Radio Times understands that the decision to postpone BBC2’s transmission of Reinventing The Royals came after an intervention from lawyers known to represent senior members of the royal family, including the Prince of Wales and the Duchess of Cornwall.
The BBC2 documentary is presented by Steve Hewlett, who was the editor of Panorama when the programme’s interview with Princess Diana in 1995 sparked a crisis in relations between the BBC and the royal family.
Unlike most programmes about the royal family since then, Reinventing the Royals has been made without the close cooperation or involvement of Buckingham Palace or Clarence House.
The Corporation’s relations with the royals have been fragile since ‘Queen-gate’ in 2007 when the controller of BBC1 resigned over a misleading trailer for a fly-on-the-wall film about the monarch.
Radio Times understands that the new two-part documentary, which was to have started on Sunday January 4 at 9pm, was seen and approved by senior executives at BBC2 before it was given such a prestigious prime time slot.
The decision to postpone the broadcast until later in the New Year is believed to have been taken by James Harding, head of BBC news and current affairs. Danny Cohen, BBC director of television is also understood to have seen the film.
The postponement decision was taken after the programme was included in schedules released by the BBC for inclusion in television listing magazines. Extensive details of the programme are revealed, however, in an article published exclusively in the new issue of Radio Times written by Mr Hewlett.
He says the documentary includes the first-ever television interview with Sandy Henney, who was press secretary to Prince Charles at the time of Diana’s death. In the interview, Ms Henney, who was in London in the days after the Princess’s death, says: “I remember briefing one of our private secretaries on the phone saying, ‘I know you’re seeing this on television but you really have to be here to feel the atmosphere. The people here are really anti-monarchy.’ I was really worried about where it was going to go.”
Ms Henney goes on to describe how the Prince of Wales’ public image was in tatters when she took up her post in 1993: “He was getting some pretty virulent criticism – bad father, unloving husband. I think he was pretty hurt… if you’ve got a middle-aged balding man and a beautiful princess, it’s a no-brainer as to who is going to get the media coverage.”
Mr Hewlett says in his article for Radio Times that Prince Charles hired Mark Bolland from the Press Complaints Commission to act as entirely new sort of a royal media manager – a spin doctor. He quotes one royal commentator describing Mr Bolland as a genius who was very good at pulling strings and playing with the press but whom Princes William and Harry called ‘Blackadder”.

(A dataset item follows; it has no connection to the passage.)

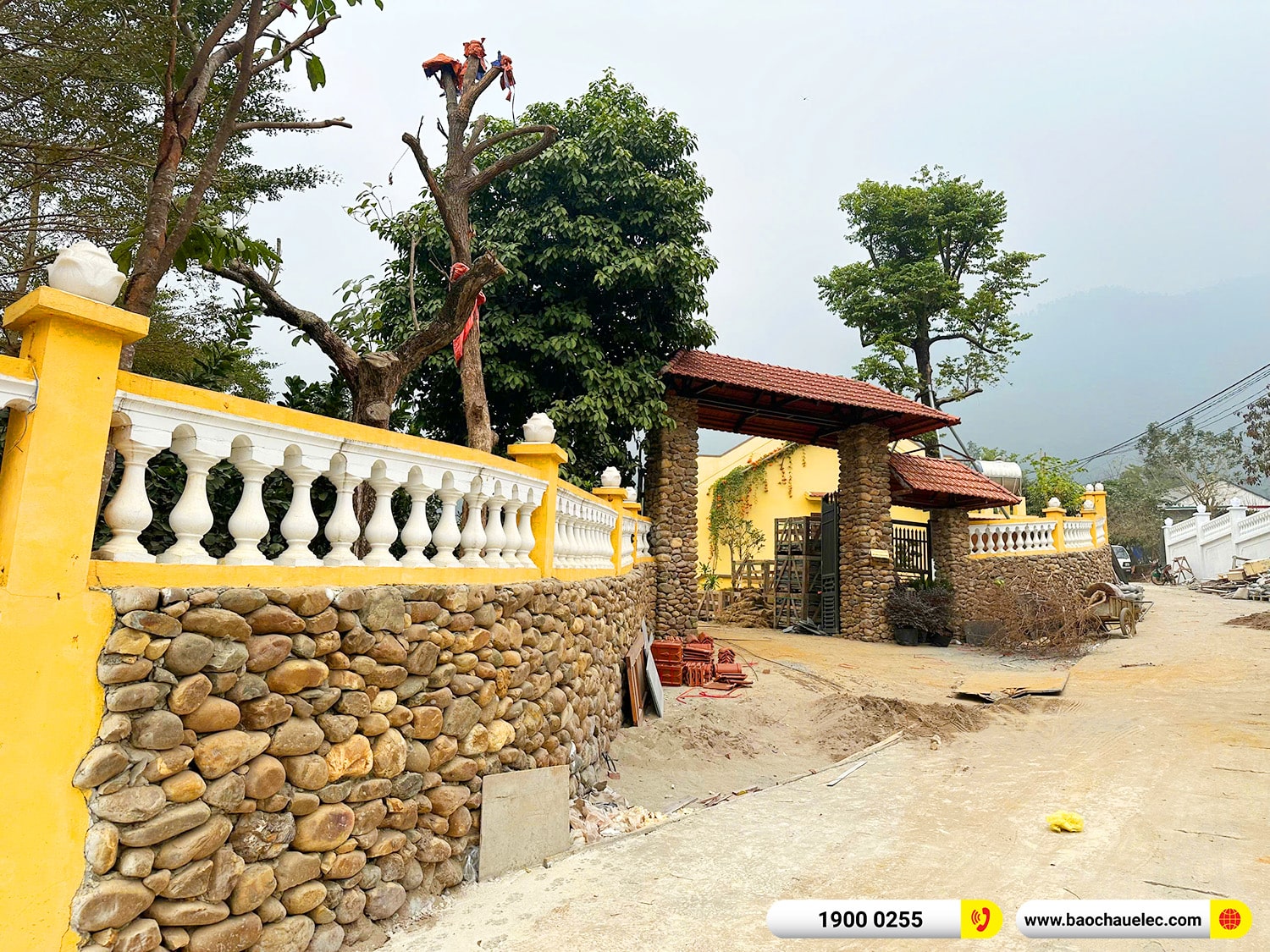 Lắp đặt hệ thống &acirc;m thanh nhạc nền, s&acirc;n vườn RCF cho Biệt thự tại Ba V&igrave; &ndash; H&agrave; Nội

Mr Bolland tried to repair his client’s battered image, says Mr Hewlett, by taking every opportunity to show his different side as a single parent and caring father. His other principal objective was to bring about a degree of public acceptance for the woman the Prince described as a ‘non-negotiable’ part of his life – Camilla Parker Bowles – a campaign known to palace insiders as ‘Operation Mrs PB’.
In the article for Radio Times, Mr Hewlett says Prince William was left distraught when details of his first meeting with Mrs Parker-Bowles at St James Palace made headlines in the Sun ten months after his mother’s death, just before his 16th birthday: ‘The first Sandy Henney over in the press office knew of the meeting was when Sun reporter Charles Rae telephoned her. She had to break the news to William that The Sun had the story.”

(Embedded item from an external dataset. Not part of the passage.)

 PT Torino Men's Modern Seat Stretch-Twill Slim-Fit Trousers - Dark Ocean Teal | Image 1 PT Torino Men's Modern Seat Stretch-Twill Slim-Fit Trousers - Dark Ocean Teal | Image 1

Ms Henney says in her interview for the documentary: “He (William) was understandably really upset because it was private. And apart from being angry and upset that this had got out, he wanted to know how it had happened.”

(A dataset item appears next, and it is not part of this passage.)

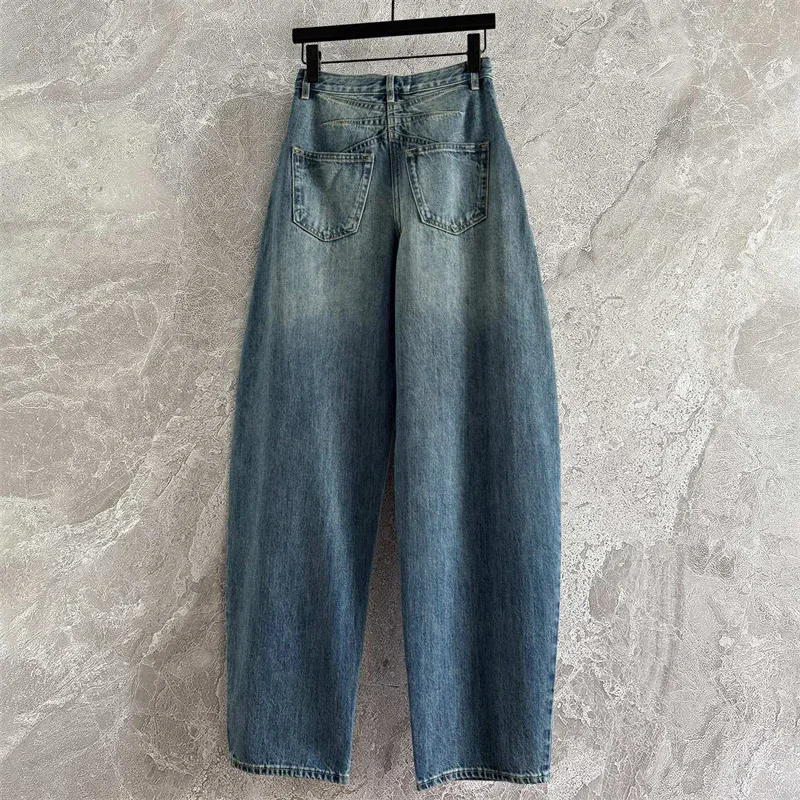 Jean femme nouveau pantalon taille haute slim jambe droite pour l'automne 2025 pur coton pantalon femme couteau incurvé jean pantalon en jean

Mr Hewlett writes: “In fact news of the meeting had leaked accidentally from one of Camilla’s staff but all the detail, Rae says, was furnished by Bolland – a version of events Bolland wholly rejects. In any case, Henney describes it as a ‘defining moment’ for Prince William, who felt as if he had been used to further his father’s interests.”
The programme also includes an interview with Tom Bradby, a one-time royal correspondent and personal confidant of the princes, now ITV’s political editor, who says the princes have never lost their disdain for the press. ‘William and Harry were very angry. They thought that the media had hounded their mother to death. I don’t mean they vaguely thought that – they actually thought that’s what had happened.”
Mr Hewlett says: “For William, protecting his personal privacy and that of his family has perhaps understandably become a virtual obsession. But with anything not classed as ‘public duty’ regarded as off limits, and in a new media age dominated by the internet, with all the accompanying expectations of openness and transparency, there are real concerns even within the royal household over the sustainability of William’s approach. Can a future monarch be so media shy in the modern age? Many doubt it.”
The BBC said in a brief statement today that the programme was being delayed into the New Year “until a number of issues including use of archive footage” were resolved.